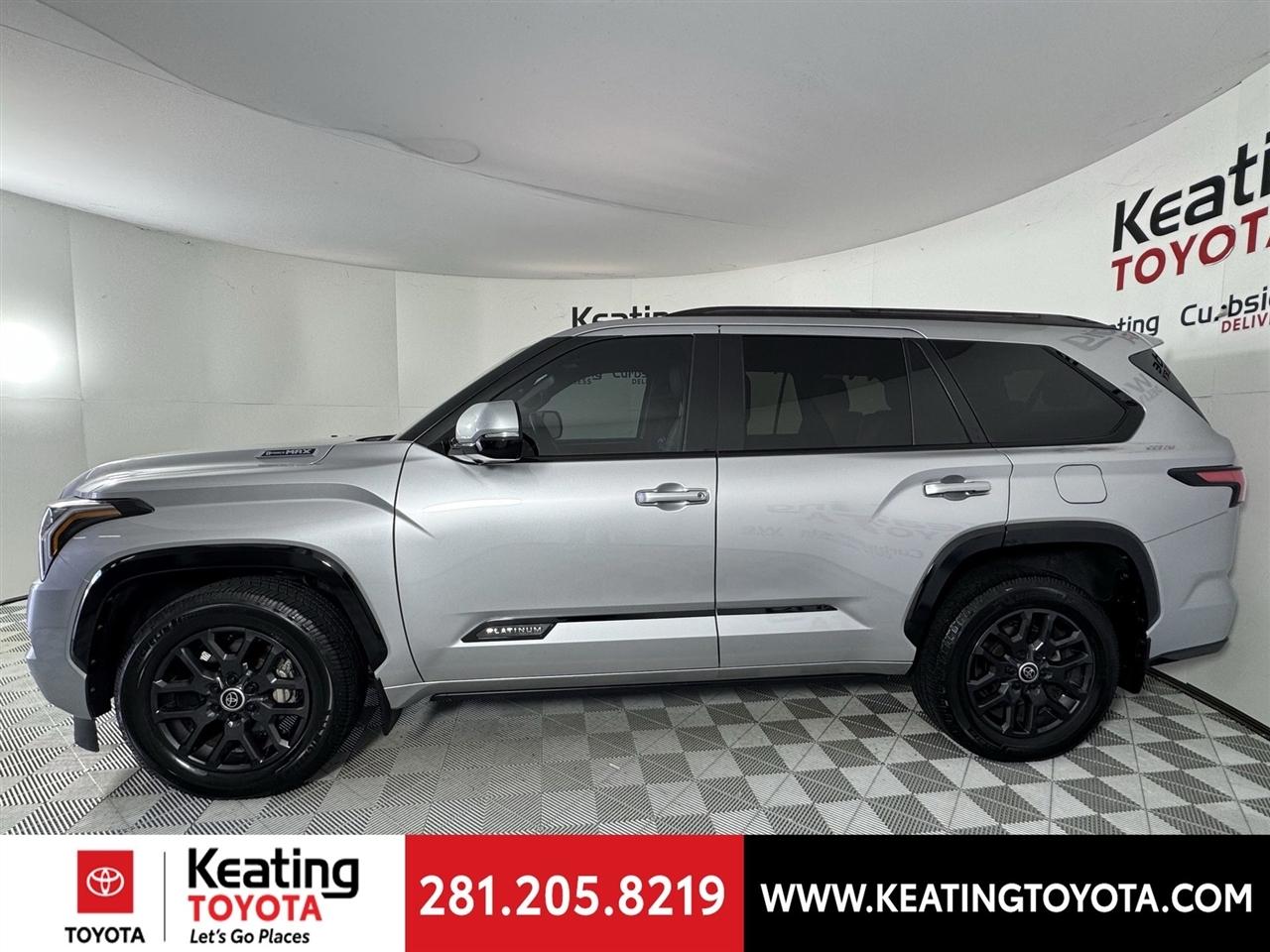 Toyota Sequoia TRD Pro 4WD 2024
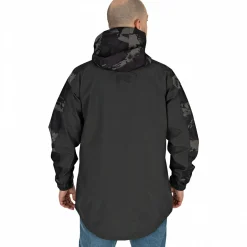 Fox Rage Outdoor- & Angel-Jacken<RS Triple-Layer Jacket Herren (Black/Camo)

··········

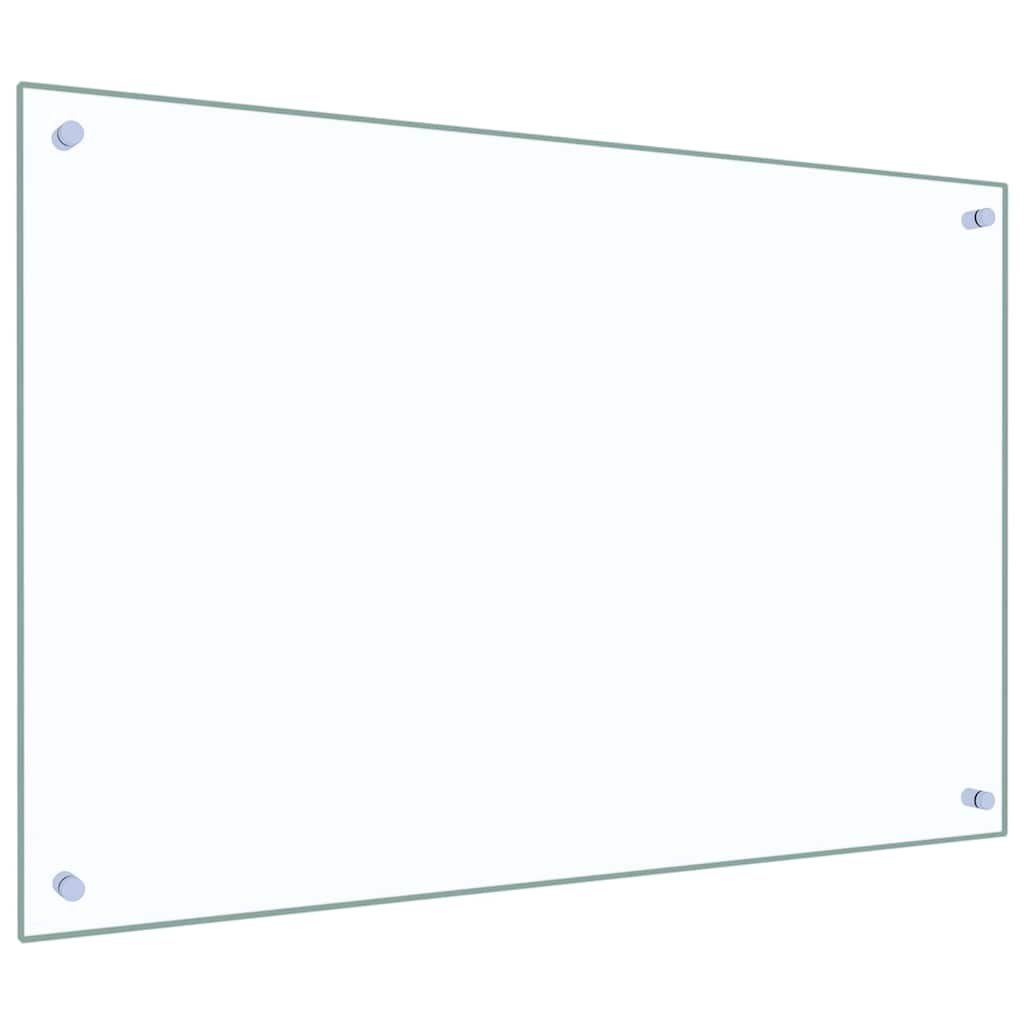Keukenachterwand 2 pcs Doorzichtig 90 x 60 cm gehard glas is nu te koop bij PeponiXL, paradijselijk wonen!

··········

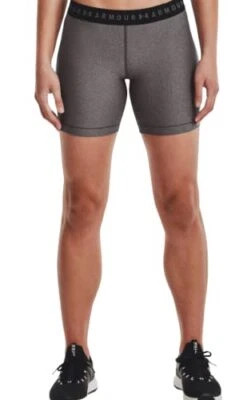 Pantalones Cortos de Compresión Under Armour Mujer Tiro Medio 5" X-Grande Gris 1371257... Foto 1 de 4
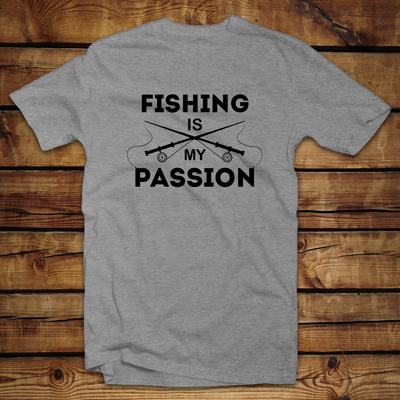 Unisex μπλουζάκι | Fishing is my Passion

··········

Your task
What you write must match the listing exactly, from the line with "Pantalones Cortos de" up to and including the line with "Unisex μπλουζάκι | Fishing is my Passion". Pictures stay out.

Solution to this exercise
 Pantalones Cortos de Compresión Under Armour Mujer Tiro Medio 5" X-Grande Gris 1371257... Foto 1 de 4
 Unisex μπλουζάκι | Fishing is my Passion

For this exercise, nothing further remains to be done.